When we debate conservation the opposition to measure 5 tells us they are stewards of the land. While they talk out of one side of their mouth they are destroying some of the most unique wetlands in North Dakota. See the message below that I received today. If North Dakota is going to preserve some of God's original creation for our grandchildren to see it's time to wake up.



> Hi Mr. Plainsman, I'm sending you this PM to ask your help. I'm from Oakes and we have a dilemma happening down here. Are you aware of the State Water Commission approval for draining a large area in Sargent and Dickey counties? Sixty five square miles are proposed for drainage, with the goal to lower the water table about four feet. The target area is a closed basin that includes Kraft Slough and Lake Tayer along with several other low areas going toward Ludden. The water will be channeled to the James River at about 20 cubic feet per second. The basis for the drain is mis-represented and misconstrued.
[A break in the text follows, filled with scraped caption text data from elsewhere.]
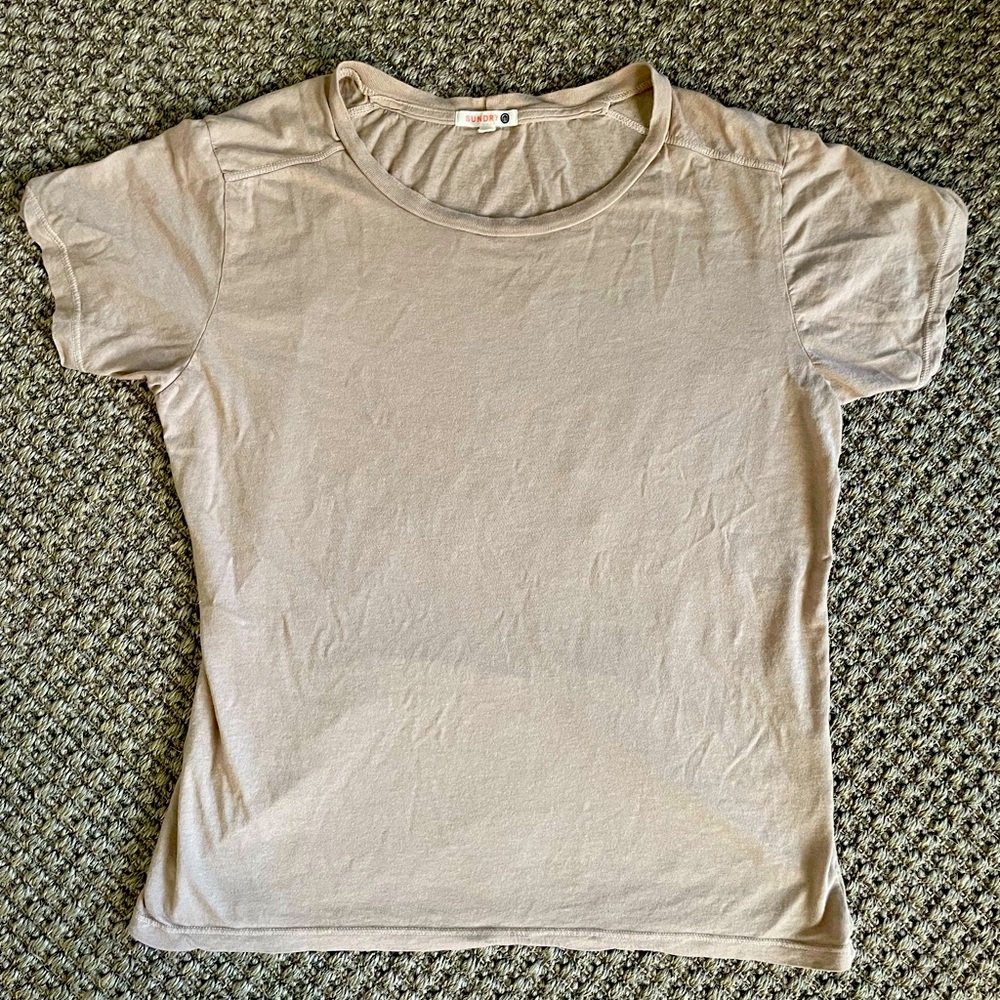 Sundry Tan Shirt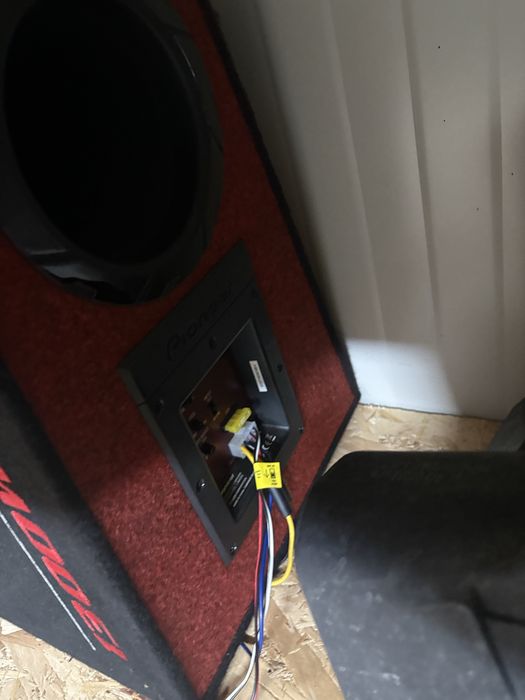 Subwoofer activ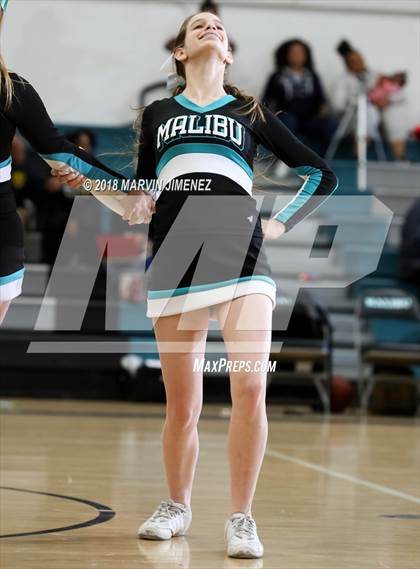 Thumbnail 3 in Malibu vs. California Military Institute (CIF 5AAA 2nd Round Playoff) photogallery.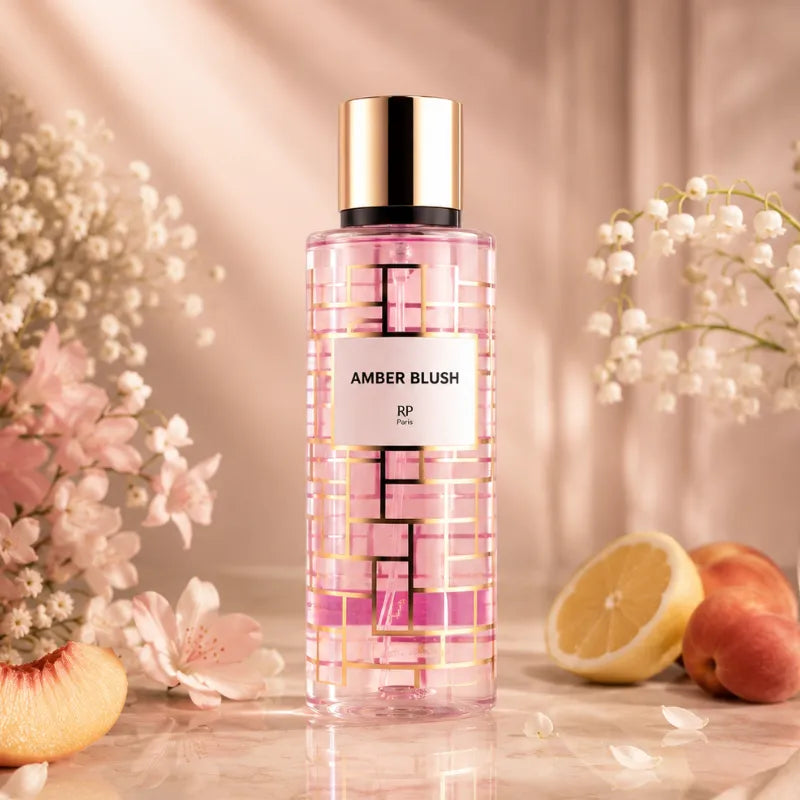 Brume parfumée Amber Blush - 250ml – Rp Paris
The engineering company hired says the basis is due to continuing high water and the impact to county and state roads, and also the DMVWRR (rail road)...and of course due to flooding on agriculture fields. The process to have this approved, pits the large corporate farmer against a smaller neighbor farm, with the large corporate farms having the most property, and hence the most votes. A landowner vote will be held in November, and it appears will be a close one. The process is antiquated at the least; some property owners are not even aware that there may be a new tax on their property if the drain is approved. Apparently, state law says that only the surface caretaker (leesee) needs to be notified. This issue has a short fuse, as construction of a lift station and the drainage expansions are supposed to take place next spring.
> 
> Please advise


----------



## Plainsman (Jul 30, 2003)

> Doesnt surprise me youre not liked by small farmers...


Read it again.



> Not so much the big boys. You may notice over the years I have had some very upset with me.


----------



## shaug (Mar 28, 2011)

> Hi Mr. Plainsman, I'm sending you this PM to ask your help.


Dear Ann Landers or even dear Dr. Phil or.......keep 'em coming Bruce, you're cracking me up.


----------



## walleyecandy (Aug 6, 2012)

Looks like you can 'make' more ground. ...

A lot more information is needed before you pass judgment. ... Is this drainage a state of nd idea? Is it the 'big' farmer's idea? Are there necessary roads being damaged?

Is this slough deep enough to fish or is it a glorified duck pond? Winter kill every year? I doubt it is critical habitat for the kali condor....

If they are voting using the majority system based upon land ownership - then it's somewhat fair... if Billy bob owns 1800 acres and Bobby rae owns 18, then sorry bobby! Welcome to the democracy.

If the ground is critical wildlife habitat - the dnr should buy it. Look up Pheasants Forever - sw minnesota founded, and they bought a lot of dirt to preserve pheasant habitat in Minnesota - it's entirely open to the public so, it's pretty much crap hunting after weekend number 2 but whatever - I hunt private ground so...


----------



## Plainsman (Jul 30, 2003)

I don't know mu h about it yet walleye. I thought I would just share the message. The fellow said he would email me some documentation. I don't know of what, but I will share information as I get it.


----------



## blhunter3 (May 5, 2007)

Dougie said:


> Doesnt surprise me youre not liked by small farmers...Americas farms 50 yrs ago were 90% family owned.
> 
> Now its 90% corporate owned, and we see the destruction coming on that end.
> 
> ...


Many farmers go to corporation farmers due to the tax breaks.

How are GMO's bad, as well and pesticides and Monsanto?


----------